The task here is to attach a prepositional phrase in a given sentence to a noun phrase or a verb phrase in the sentence. The approach uses a combination of supervised and unsupervised methods for learning. Un supervised learning is done using Expectation Maximization algorithm. The attachment of the prepositional phrase is done using scores calculated usingWordNet, a lexical database and back-off smoothing. The approach showed an improvement in performanceover the start of the art approaches.

This was done as a part of my undergraduate thesis also called Final Year Project(FYP) in undergraduate.The approach was later extended to multiple PP Attachment. Details can be found in A Hybrid Approach to Single and Multiple PP Attachment using WordNet (2005)

Creating Simulated Feedback (July 2005 - November 2006)

Advisor: Dr. Vasudeva Varma, Associate Professor, IIIT, Hyd.

Relevance feedback has widely been used in explicit and implicit methods. Explicit feedback methods are expensive to conduct as it requires a lot of manual effort and it is difficult to scale up these methods for gathering large volumes of data. Implicit feedback methods on the other hand are easy to conduct. Most search engines already have logs of user interactions over the web which is a very valuable source for research related to user feedback. However, such feedback is usually not available to public or even research communities at large for various reasons like, it posing threat to individual privacy of the web users etc. Motivated by these problems, we propose Simulated Feedback based on insights from query log analysis and using artificial methods to generate feedback. It is a potential area where the outcome of research can directly be used for the benefit of research communities in web search engines and personalization. Also given the constraint of non-availability of implicit feedback data it is difficult to

evaluate personalization algorithms. Simulated Feedback can act as a boon here and help benefit web search community.

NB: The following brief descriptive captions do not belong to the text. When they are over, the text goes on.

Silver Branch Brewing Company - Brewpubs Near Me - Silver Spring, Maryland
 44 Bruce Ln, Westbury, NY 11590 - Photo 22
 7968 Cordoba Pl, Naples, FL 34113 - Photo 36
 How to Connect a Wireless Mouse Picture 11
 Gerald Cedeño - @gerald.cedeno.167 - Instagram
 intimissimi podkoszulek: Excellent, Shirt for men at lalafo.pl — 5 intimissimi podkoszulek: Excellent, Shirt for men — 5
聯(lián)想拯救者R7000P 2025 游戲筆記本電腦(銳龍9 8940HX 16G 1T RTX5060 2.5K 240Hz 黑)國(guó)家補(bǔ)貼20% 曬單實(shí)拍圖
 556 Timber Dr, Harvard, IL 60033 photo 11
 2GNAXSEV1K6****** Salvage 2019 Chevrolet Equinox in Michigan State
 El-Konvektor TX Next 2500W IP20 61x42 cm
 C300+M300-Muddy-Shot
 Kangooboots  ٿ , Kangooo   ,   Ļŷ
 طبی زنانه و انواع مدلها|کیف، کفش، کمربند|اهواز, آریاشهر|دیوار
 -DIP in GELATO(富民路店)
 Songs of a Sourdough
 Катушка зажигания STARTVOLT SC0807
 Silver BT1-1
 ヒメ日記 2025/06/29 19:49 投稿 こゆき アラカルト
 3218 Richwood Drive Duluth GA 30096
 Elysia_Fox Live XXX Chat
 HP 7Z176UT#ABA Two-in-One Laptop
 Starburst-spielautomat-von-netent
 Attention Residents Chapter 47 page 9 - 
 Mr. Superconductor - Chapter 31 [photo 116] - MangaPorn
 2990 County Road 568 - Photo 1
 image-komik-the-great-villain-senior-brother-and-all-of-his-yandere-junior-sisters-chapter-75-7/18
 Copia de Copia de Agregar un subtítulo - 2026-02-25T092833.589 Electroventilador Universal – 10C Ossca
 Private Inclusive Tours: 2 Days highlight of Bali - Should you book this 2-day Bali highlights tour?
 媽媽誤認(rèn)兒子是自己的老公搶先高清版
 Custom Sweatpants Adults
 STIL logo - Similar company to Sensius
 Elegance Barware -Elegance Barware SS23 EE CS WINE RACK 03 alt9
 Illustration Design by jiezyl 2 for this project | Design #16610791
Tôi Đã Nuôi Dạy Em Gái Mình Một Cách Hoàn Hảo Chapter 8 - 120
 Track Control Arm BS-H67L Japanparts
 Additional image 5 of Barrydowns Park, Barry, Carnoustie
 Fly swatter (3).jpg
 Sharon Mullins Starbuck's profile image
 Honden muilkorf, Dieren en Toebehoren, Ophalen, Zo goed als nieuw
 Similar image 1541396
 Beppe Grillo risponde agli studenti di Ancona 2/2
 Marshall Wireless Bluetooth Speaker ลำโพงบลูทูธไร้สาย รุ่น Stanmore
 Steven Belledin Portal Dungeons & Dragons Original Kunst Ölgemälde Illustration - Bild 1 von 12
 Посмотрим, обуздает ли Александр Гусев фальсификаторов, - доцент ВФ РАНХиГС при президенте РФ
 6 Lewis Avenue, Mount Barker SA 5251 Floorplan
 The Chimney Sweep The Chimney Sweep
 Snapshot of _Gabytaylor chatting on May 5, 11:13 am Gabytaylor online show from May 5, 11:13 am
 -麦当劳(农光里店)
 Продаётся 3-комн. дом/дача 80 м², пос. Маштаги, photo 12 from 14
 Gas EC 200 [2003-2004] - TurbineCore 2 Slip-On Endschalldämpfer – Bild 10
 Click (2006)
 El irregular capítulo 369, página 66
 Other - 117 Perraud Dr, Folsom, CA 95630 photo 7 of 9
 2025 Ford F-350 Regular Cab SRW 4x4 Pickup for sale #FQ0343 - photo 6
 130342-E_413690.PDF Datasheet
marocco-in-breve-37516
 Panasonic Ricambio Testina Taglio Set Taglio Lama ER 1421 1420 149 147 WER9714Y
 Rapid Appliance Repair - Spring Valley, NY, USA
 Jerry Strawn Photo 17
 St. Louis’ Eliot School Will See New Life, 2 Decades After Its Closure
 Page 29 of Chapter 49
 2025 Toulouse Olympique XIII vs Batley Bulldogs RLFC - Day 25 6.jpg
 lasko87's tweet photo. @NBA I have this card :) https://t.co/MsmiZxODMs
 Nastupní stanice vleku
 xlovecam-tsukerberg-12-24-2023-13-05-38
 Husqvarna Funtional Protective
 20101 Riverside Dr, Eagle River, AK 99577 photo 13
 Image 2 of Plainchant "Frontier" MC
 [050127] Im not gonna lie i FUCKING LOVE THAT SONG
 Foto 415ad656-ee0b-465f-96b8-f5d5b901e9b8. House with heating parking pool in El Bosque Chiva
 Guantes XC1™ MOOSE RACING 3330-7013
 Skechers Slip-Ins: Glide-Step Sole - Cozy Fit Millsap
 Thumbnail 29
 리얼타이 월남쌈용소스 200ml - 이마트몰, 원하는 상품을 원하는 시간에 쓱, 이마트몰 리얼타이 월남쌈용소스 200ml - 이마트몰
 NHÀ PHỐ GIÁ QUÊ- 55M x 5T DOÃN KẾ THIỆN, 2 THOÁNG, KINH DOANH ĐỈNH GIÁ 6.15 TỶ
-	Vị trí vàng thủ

Creation of simulated feedback is done in 2 steps. In the first step a simulated user is created and in the second step a web search process is simulating mimicking a typical web search process. We have evaluated simulated feedback by comparing it with implicit feedback available from query logs and with explicit feedback from judges and achieved significant results. The benefit from "Simulated feedback" is two fold. Firstly it is easy to obtain and also the process of obtaining the feedback data is repeatable. Given a document set and a search engine deployed on this document set, one can start generating simulated feedback in much larger volumes than what can be obtained by either explicit or implicit feedback methods. Secondly, it enjoys the benefit of customizability, where a researcher can customize the creation of the feedback for his purposes, be it testing search engines for specific domains, testing research algorithms in personalization research or testing query modification techniques.

Collaborative Web Search

Advisor: Dr. Vasudeva Varma, Associate Professor, IIIT, Hyd.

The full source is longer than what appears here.